To say that you are resisting something means that you have to spend a lot of time and energy saying what that something is, in order for your resistance to make sense. Too much energy flows in the wrong direction, and you usually end up strengthening the thing you want to resist.
It seems to me that if architects really want to resist, then neither the idea nor the rhetoric of resistance has a place in it. These architects must take the initiative, beginning from a point of origin that precedes anything to be resisted, one deep within an idea of architecture itself. They can never think of themselves as resisters, or join resistance movements, or preach resistance.

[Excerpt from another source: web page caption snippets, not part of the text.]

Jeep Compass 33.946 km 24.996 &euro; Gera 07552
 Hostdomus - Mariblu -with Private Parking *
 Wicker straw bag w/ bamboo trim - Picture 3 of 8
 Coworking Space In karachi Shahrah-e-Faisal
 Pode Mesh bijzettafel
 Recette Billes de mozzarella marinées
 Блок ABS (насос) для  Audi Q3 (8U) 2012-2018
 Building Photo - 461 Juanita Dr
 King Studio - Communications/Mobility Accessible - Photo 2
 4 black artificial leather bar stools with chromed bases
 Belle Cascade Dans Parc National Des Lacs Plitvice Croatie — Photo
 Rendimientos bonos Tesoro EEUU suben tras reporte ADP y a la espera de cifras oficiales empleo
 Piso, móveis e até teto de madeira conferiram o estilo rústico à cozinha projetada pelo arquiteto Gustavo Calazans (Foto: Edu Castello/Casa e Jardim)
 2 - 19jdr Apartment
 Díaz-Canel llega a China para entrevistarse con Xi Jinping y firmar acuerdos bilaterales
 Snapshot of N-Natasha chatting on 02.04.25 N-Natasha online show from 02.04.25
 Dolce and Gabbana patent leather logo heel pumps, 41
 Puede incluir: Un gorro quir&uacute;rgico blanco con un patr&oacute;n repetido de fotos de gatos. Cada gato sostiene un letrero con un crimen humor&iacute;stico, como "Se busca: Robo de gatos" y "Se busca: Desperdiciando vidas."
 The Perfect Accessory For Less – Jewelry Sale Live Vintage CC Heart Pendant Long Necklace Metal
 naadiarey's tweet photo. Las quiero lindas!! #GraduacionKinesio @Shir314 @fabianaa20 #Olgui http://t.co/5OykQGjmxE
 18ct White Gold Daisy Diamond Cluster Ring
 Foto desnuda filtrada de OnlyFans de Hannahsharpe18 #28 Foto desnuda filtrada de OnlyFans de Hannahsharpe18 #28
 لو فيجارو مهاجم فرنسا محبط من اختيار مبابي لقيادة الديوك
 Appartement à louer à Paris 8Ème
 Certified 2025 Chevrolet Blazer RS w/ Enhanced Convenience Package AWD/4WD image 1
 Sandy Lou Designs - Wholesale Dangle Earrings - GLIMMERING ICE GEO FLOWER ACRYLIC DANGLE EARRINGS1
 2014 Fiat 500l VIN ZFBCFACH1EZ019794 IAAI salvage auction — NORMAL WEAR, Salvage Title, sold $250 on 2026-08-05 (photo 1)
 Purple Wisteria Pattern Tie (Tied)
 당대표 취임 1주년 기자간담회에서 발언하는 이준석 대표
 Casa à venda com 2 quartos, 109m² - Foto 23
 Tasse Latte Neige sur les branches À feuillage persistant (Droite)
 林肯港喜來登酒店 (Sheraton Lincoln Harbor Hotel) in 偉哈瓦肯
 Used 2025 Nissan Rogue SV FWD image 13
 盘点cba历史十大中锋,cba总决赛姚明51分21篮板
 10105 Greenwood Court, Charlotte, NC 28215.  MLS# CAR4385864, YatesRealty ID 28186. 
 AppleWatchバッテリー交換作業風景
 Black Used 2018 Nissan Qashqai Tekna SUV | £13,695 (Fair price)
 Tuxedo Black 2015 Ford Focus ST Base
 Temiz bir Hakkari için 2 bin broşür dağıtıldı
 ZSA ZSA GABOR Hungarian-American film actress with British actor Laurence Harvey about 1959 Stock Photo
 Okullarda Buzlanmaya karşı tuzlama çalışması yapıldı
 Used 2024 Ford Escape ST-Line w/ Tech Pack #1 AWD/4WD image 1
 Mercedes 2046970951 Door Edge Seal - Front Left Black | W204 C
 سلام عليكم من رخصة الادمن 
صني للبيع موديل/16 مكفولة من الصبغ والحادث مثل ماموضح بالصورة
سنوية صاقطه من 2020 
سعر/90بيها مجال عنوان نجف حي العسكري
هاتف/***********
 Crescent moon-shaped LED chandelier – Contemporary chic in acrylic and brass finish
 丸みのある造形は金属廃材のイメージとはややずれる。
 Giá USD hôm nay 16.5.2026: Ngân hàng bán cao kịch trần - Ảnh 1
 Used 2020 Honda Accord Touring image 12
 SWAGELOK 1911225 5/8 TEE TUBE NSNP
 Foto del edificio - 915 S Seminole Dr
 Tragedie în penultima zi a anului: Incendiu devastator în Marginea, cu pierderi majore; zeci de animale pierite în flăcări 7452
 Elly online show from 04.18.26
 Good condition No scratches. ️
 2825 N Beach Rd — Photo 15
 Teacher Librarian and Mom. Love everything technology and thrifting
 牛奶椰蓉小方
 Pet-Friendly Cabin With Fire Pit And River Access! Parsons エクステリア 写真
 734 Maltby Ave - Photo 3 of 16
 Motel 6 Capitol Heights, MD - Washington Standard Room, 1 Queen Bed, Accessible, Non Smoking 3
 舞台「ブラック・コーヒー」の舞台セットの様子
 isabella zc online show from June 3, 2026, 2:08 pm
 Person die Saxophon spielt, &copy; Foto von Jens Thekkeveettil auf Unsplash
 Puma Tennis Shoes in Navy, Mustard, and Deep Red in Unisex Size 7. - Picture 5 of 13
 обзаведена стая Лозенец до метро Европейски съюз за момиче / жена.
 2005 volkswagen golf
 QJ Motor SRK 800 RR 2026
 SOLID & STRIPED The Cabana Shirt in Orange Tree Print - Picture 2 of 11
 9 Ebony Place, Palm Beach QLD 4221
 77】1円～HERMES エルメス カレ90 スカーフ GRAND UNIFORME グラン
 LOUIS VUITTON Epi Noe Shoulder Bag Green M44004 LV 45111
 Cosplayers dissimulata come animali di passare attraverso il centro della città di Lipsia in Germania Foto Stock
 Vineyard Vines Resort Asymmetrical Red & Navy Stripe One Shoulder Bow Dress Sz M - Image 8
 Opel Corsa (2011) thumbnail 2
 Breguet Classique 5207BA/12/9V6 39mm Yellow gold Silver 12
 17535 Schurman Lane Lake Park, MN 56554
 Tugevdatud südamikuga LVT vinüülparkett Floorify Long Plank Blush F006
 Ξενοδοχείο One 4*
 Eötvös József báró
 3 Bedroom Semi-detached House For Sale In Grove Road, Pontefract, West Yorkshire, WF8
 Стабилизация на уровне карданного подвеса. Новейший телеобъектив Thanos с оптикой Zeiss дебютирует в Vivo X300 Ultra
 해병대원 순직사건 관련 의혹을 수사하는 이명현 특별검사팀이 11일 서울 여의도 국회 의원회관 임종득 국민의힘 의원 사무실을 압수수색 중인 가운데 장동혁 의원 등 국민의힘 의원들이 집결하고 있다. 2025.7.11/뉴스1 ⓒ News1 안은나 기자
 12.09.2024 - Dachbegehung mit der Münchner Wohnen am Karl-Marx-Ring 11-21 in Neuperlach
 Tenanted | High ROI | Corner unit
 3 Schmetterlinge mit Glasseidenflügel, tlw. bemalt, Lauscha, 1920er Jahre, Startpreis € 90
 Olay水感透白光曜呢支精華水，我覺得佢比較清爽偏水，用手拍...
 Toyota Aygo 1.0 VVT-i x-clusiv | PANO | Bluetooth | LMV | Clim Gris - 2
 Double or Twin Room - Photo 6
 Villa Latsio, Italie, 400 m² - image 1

Rather…they must create an independent idea…Lebbeus Woods
Immediately I was reminded of something a favorite professor once said, which I dutifully wrote down and have kept posted on the bulletin board for 5 years (and here I think I’m roughly paraphrasing):
“What would it take to be working toward a world where affirmation (as opposed to questioning or critique) is possible?”
As I understood it–and to put it in Woods’ terms–she meant to posit an alternative to the default mode of “resistance,” which is to critique existing conditions, to use your work to question (or, worse, to “raise awareness of“) problematic assumptions. Certainly as an artist coming straight out of a critical studies background, this was my default mode, and I was quite seduced by the clever ways one could use satire to reflect dominant culture back to itself. But she suggested a much more terrifying alternative, which was to ignore what is wrong and simply use your energy to create something better. Or more specifically, she asked us what would make such a practice even possible, which is something I’ve been thinking about ever since.
I am just as seduced today by the clever ways one can use satire to reflect dominant culture back to itself. But I also have a nagging desire to work more positively, outwardly facing–to create something that is not an opposition or act of resistance but rather an improved alternative. I return again to the example of Ze Frank as someone working outside a traditional art practice to directly create the type of world he would like to live in. J.S.G. Boggs is another classic example: someone who has simply carved out an alternative reality for himself, in his case an alternative economy.
As someone not overly inclined to make my work social–as someone not overly inclined to be social–I wonder what form(s) a more affirmative art would take. So much of art already involves constructing alternate realities, is it just the pernicious effects of critical studies programs and overly theoretical art classrooms (I barely accept the possibility that there could be an overly theoretical art classroom) that affirmative (non-hokey) art is hard to conceptualize? Is Woods correct that a true act of resistance involves ignoring that which is and attempting to (heroically?) construct that which should be?